611 Place (displayed as AT&T CENTER) is a 42-story, 189 m (620 ft) skyscraper at 611 West 6th Street in Downtown Los Angeles, California,[6] designed by William L. Pereira & Associates and completed in 1969. The building was commissioned by the now-defunct Crocker Citizen's Bank, and served as its Southern California headquarters until 1983, when it moved to Crocker Center, now Wells Fargo Center (Los Angeles). It was subsequently bought by AT&T. It was the tallest building in Los Angeles upon completion, and the first building to surpass Los Angeles City Hall in terms of structural height (many buildings had surpassed City Hall with decorative spires, the first being Richfield Tower). It consists of a cross-shaped tower clad in vertical aluminum beams, and supported on its west side by an immense, blank slab of concrete running the entire height of the building, which houses elevator and utility shafts and is used to display corporate logos. The building features a number of Pereira's design trademarks, including cleft vertical columns, grid patterned ceilings, and architectural lanterns fitted to the exterior.
The building was described in 2023 as "long-vacant."[7] A 2007 plan to convert the building to condominiums did not move forward.[8]
In popular culture
The building has appeared in several movies and television series:
The Elevator (1974), where it appeared as a skyscraper in which an elevator stalls and traps the occupants.

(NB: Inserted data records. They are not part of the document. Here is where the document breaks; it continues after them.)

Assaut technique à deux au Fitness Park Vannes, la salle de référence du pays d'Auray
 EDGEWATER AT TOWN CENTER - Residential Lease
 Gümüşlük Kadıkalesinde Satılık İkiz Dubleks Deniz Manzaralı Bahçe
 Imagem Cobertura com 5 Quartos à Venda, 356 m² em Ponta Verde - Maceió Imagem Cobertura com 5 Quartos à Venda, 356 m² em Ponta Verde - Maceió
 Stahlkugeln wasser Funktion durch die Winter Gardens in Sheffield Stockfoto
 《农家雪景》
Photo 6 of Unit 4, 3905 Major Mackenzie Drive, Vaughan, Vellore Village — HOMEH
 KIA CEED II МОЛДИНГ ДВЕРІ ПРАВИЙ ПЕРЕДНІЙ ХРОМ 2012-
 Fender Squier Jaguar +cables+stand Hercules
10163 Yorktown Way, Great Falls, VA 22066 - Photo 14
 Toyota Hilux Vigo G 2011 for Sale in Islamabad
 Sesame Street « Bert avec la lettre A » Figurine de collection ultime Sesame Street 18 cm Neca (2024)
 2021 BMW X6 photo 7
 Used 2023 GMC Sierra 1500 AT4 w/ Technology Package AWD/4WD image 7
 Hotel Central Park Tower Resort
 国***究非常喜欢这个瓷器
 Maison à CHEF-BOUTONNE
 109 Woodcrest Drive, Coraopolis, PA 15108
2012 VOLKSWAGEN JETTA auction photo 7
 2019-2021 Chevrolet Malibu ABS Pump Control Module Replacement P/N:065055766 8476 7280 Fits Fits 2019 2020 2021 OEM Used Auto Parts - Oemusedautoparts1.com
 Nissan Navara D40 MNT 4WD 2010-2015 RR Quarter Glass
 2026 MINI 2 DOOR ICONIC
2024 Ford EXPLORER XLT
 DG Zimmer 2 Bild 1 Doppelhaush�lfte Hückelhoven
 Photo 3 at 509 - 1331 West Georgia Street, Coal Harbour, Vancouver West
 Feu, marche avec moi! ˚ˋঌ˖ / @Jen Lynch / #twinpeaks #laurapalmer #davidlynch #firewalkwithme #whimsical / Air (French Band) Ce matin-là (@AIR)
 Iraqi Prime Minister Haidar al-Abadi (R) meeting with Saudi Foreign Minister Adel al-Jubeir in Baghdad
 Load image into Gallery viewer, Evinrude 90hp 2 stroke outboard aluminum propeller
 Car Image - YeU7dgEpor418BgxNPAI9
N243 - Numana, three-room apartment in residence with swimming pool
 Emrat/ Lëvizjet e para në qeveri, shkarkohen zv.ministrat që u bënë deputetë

Mr. Mom (1983), where it appeared as the location of the Richardson Advertising Agency.
Uncommon Valor (1983), where it is featured as the Houston headquarters of an oil executive.
Con Air (1997), the building be seen from an aerial view and street view as a dead body falls from an aircraft and lands on a car near the base of the building in the city of Fresno, California.
Epicenter (2000), This building is destroyed by an earthquake in this movie.